**Assignment**
Could you please retype exactly the lines from the start of the records below through the line that contains "Terreno en venta en Puerto Real", both included, and leave out the pictures?

--- Data for this exercise ---

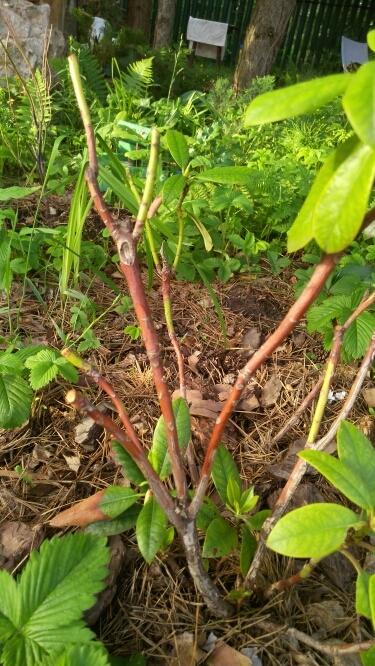 ветки без ростков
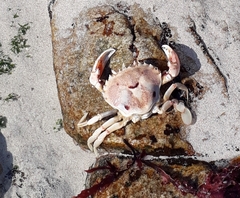 Ovalipes trimaculatus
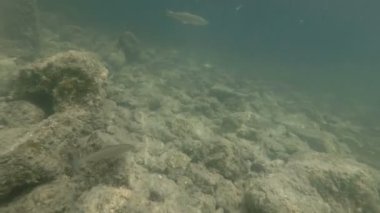Güzel nehir habitat sualtı video. Tatlı su balıkları tatlısu kefali kadar yakın yüzme. Bohinj, Slovenya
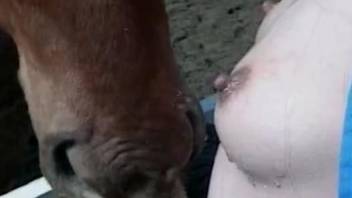 Brown-haired sweetie is sucking a big cock of a small pony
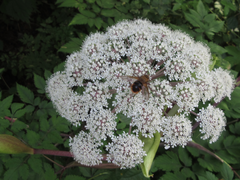 Angelica polymorpha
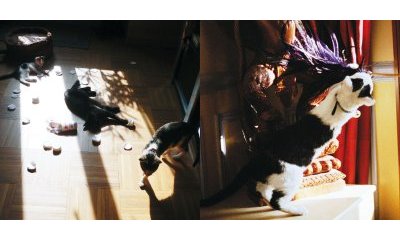L'album photos des chats des villes - 23 - Ouverture dans une nouvelle fenêtre 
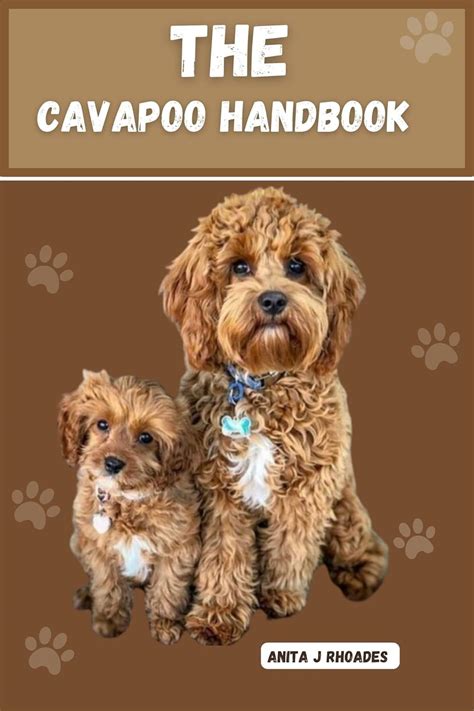 The cavapoo handbook : Your complete guide for caring for, Training ...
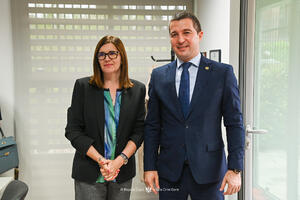 Delegacija EU u Crnoj Gori: Politička stabilnost presudna za...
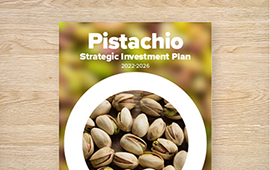 Strategic Investment Plan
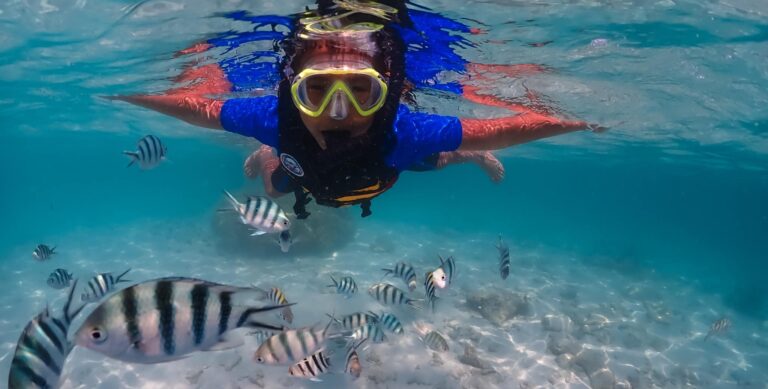 ค่ายวิทยาศาสตร์ทางทะเล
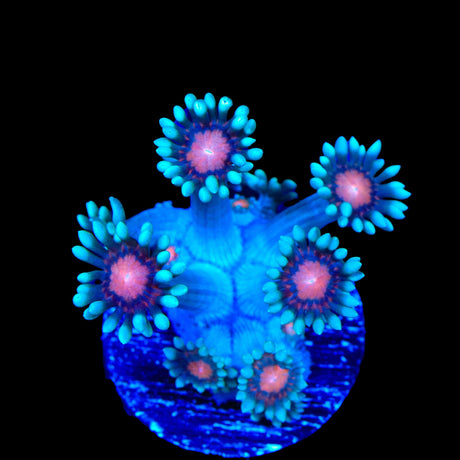 TSA Bubblegum Nebula Goniopora Coral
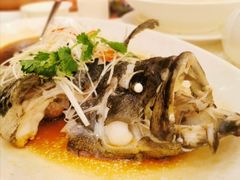 清蒸珍珠龙趸-顺德人家食府(黄金广场店)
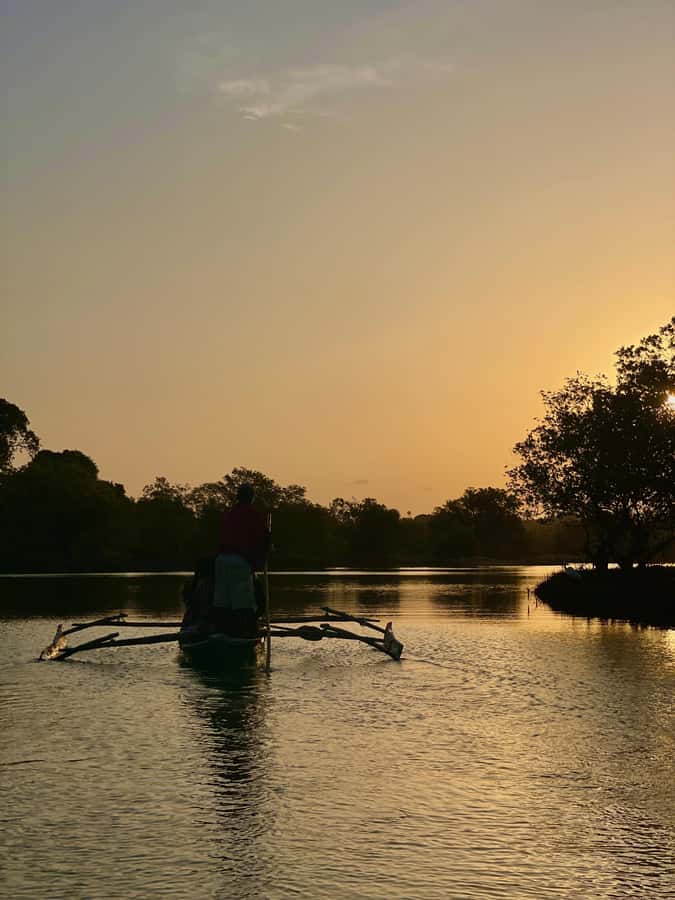 Diani: Sunset Canoe Tour along the River with Mangroves - Meeting Omari at Kongo Mosque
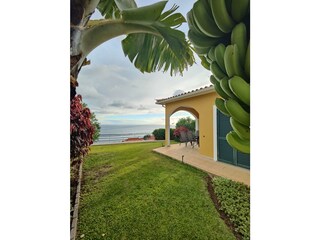 Garten mit vielen tropischen Pflanzen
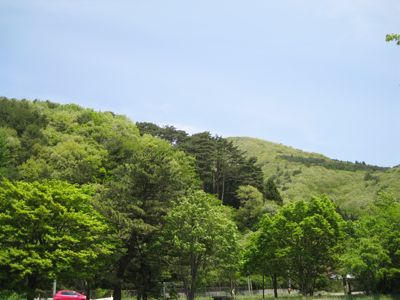 f0158625_15364840.jpg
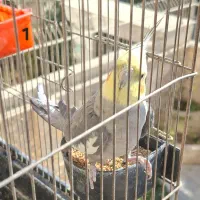 عروس هلندی فوری|پرنده|پردیس, فاز ۲|دیوار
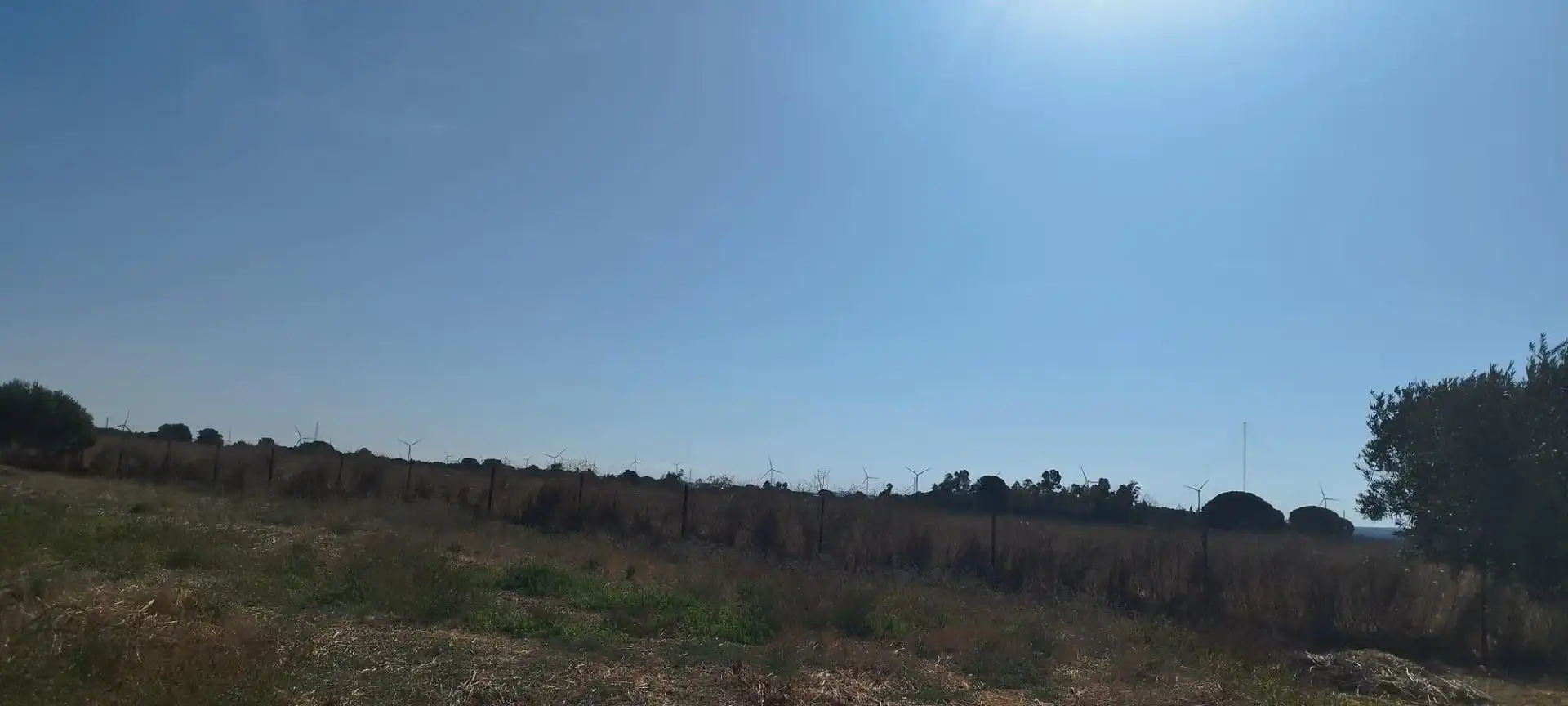 Terreno en venta en Puerto Real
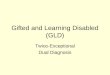 Gifted and Learning Disabled (GLD)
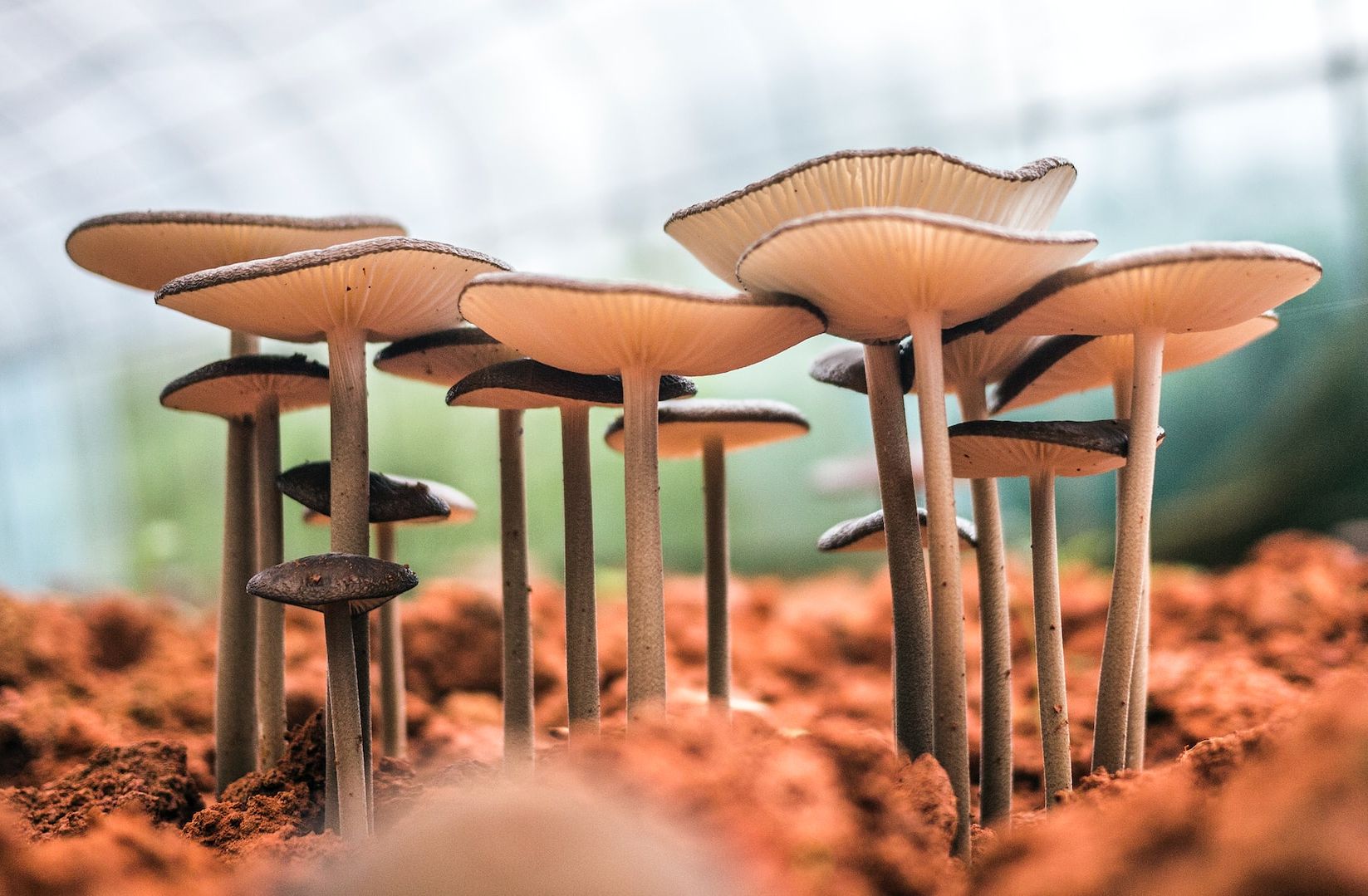 Подложку для микросхем можно сделать из грибов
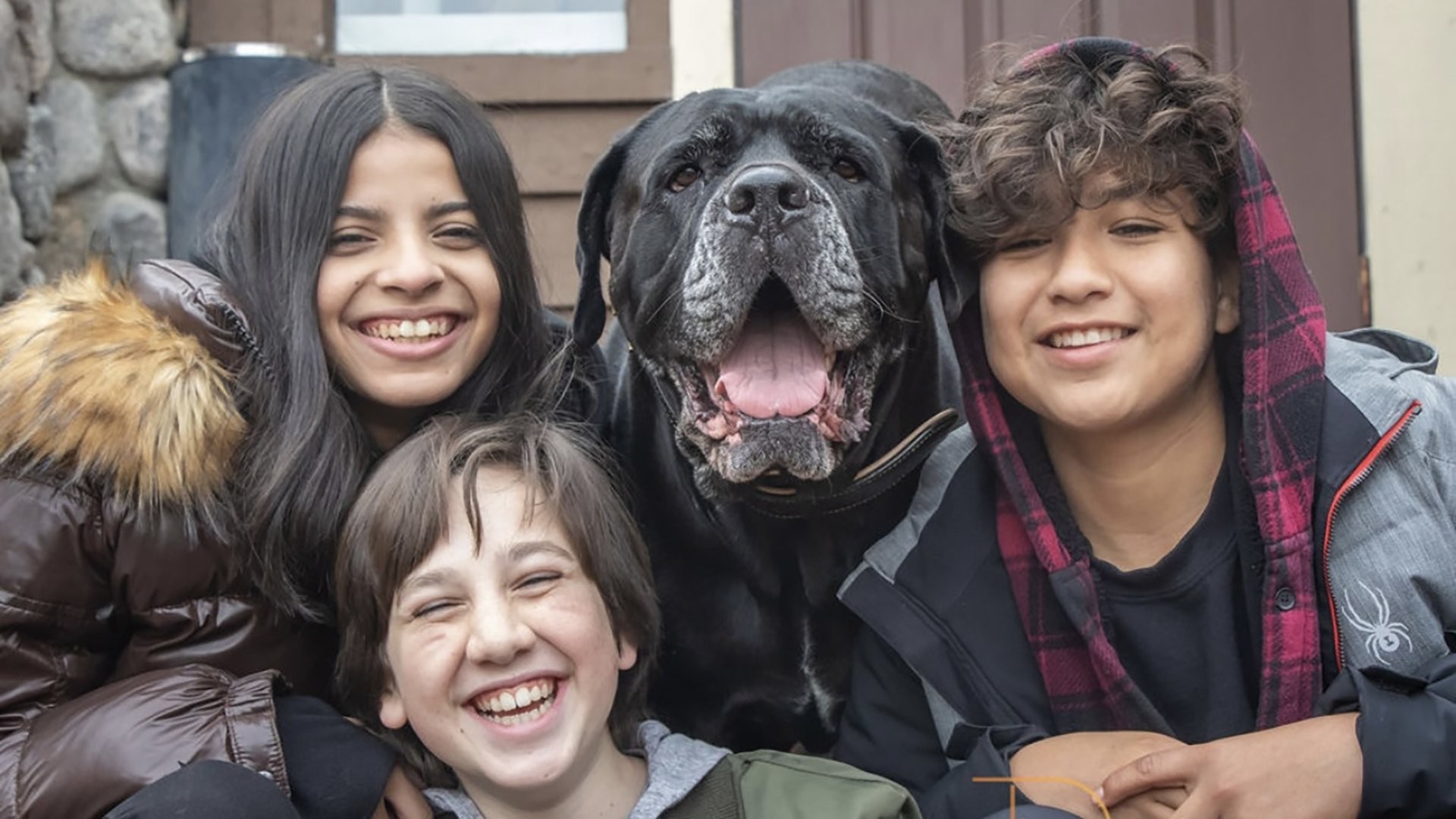 Dog Patrol: Operation Santa Paws (2025)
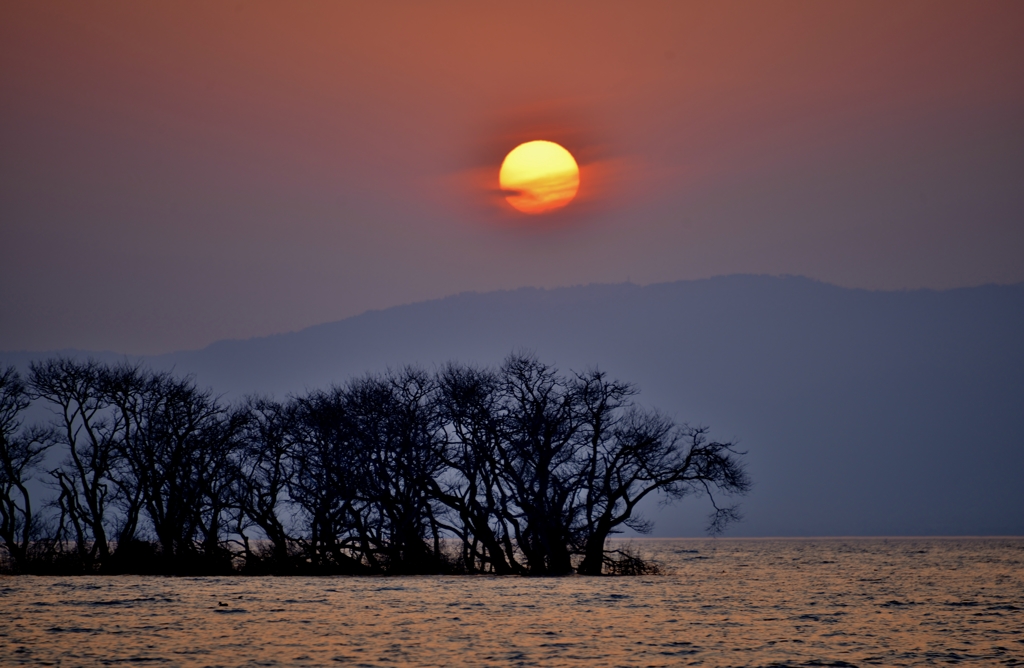 夕掛く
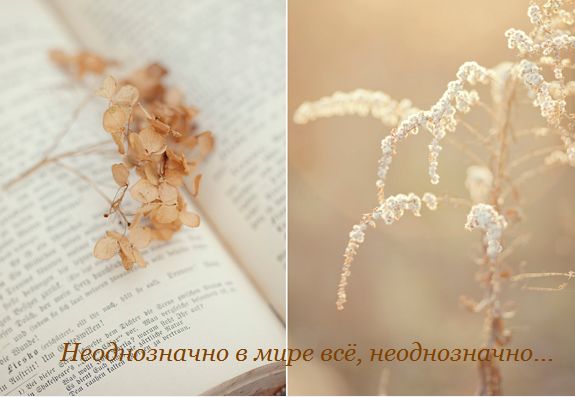 Любовь не стоит ничего. (Брат Николай) / Стихи. ру Красивые стихи сыну от мамы душевные до слёз Корки. lol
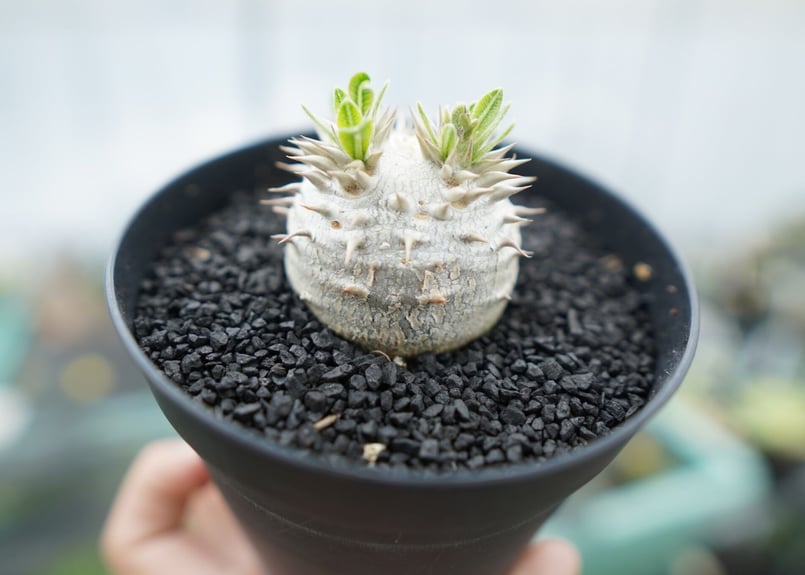 パキポディウム 恵比寿大黒 Pachypodium Densicaule No.3 | man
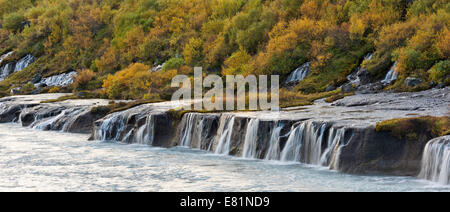 Hraunfossar, Wasserfälle des Flusses Hvítá im Herbst, in der Nähe von Húsafell und Reykholt, Island Stockfoto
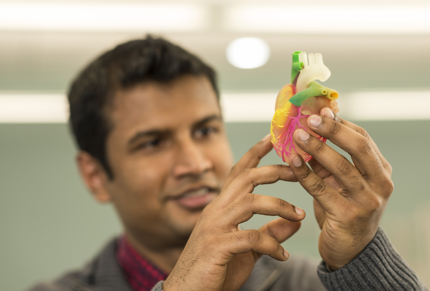 rapidproto medical 500 mq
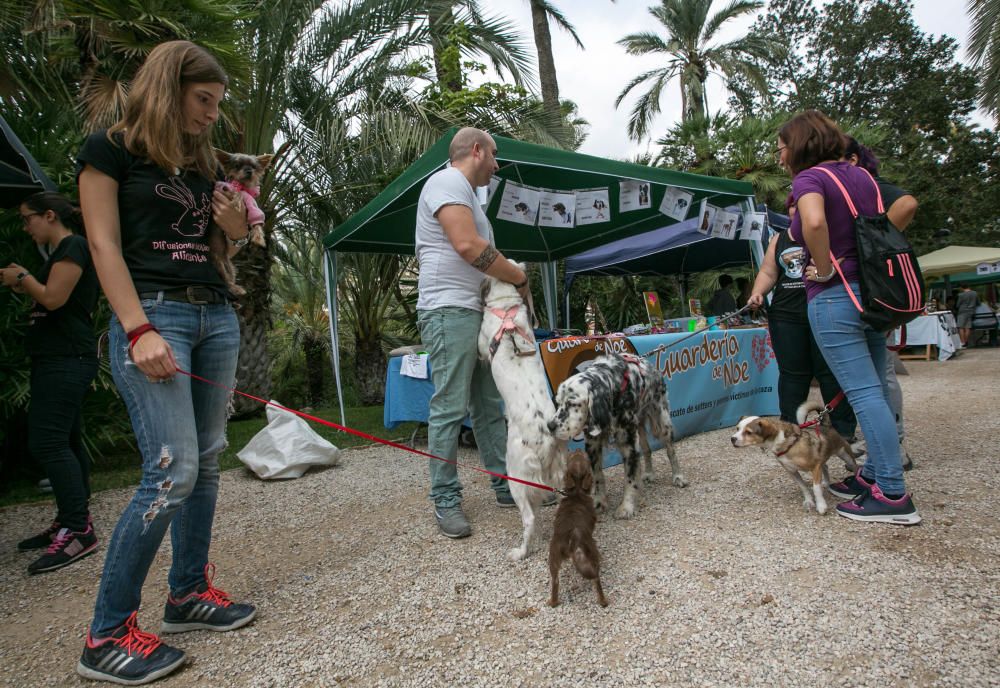 Feria de la adopción de mascotas en Elche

---

**Solution to the exercise**
 ветки без ростков
 Ovalipes trimaculatus
Güzel nehir habitat sualtı video. Tatlı su balıkları tatlısu kefali kadar yakın yüzme. Bohinj, Slovenya
 Brown-haired sweetie is sucking a big cock of a small pony
 Angelica polymorpha
L'album photos des chats des villes - 23 - Ouverture dans une nouvelle fenêtre 
 The cavapoo handbook : Your complete guide for caring for, Training ...
 Delegacija EU u Crnoj Gori: Politička stabilnost presudna za...
 Strategic Investment Plan
 ค่ายวิทยาศาสตร์ทางทะเล
 TSA Bubblegum Nebula Goniopora Coral
 清蒸珍珠龙趸-顺德人家食府(黄金广场店)
 Diani: Sunset Canoe Tour along the River with Mangroves - Meeting Omari at Kongo Mosque
 Garten mit vielen tropischen Pflanzen
 f0158625_15364840.jpg
 عروس هلندی فوری|پرنده|پردیس, فاز ۲|دیوار
 Terreno en venta en Puerto Real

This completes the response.